The “Royal Caroline” seemed, like her crew, sensible of the necessity of increasing her speed. As she felt the pressure of the broad sheets of canvas that had just been distended, the ship bowed lower, and appeared to recline on the bed of water which rose under her lee nearly to the scuppers. On the other side, the dark planks, and polished copper, lay bare for many feet, though often washed by the waves that came sweeping along her length, green and angrily, still capped, as usual, with crests of lucid foam. The shocks, as the vessel tilted against the billows, were becoming every moment more severe; and, from each encounter, a bright cloud of spray arose, which either fell glittering on the deck, or drove, in brilliant mist, across the rolling water, far to leeward.
Wilder long watched the ship, with an excited mien, but with all the intelligence of a seaman.
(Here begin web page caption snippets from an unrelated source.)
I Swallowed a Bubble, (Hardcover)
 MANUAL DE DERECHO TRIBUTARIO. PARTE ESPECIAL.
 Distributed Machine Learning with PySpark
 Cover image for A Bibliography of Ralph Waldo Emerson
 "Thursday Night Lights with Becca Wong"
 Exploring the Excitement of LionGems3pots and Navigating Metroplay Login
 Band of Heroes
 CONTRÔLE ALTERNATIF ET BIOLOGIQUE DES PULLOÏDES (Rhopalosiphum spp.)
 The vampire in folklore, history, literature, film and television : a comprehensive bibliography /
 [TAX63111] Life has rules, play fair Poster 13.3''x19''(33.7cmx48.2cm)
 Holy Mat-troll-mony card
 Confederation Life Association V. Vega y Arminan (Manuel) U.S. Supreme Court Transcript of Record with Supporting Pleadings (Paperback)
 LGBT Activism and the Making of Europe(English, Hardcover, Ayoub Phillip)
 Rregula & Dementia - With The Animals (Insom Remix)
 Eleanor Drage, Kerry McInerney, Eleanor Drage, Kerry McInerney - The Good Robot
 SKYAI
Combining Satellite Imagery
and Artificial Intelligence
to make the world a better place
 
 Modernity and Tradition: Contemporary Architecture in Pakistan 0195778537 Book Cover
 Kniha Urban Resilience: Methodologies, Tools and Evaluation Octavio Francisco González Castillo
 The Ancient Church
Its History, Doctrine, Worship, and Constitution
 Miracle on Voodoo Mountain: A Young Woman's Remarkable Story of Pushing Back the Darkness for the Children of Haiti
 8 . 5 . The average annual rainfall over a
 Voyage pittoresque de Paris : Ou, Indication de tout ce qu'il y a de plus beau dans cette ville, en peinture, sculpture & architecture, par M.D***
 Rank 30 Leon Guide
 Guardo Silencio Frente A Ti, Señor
Once or twice, when she trembled, and appeared to stop, in her violent encounter with a wave, as suddenly as though she had struck a rock, his lips severed, and he was about to give the order to reduce the sail; but a glance at the misty looking image on the western horizon seemed ever to cause his mind to change its purpose. Like a desperate adventurer, who had cast his fortunes on some hazardous experiment, he appeared to await the issue with a resolution that was as haughty as it was unconquerable.
“That topmast is bending like a whip,” muttered the careful Earing, at his elbow.
“Let it go; we have spare spars to put in its place,” was the answer.
“I have always found the ‘Caroline’ leaky after she has been strained by driving her against the sea.”
“We have our pumps.”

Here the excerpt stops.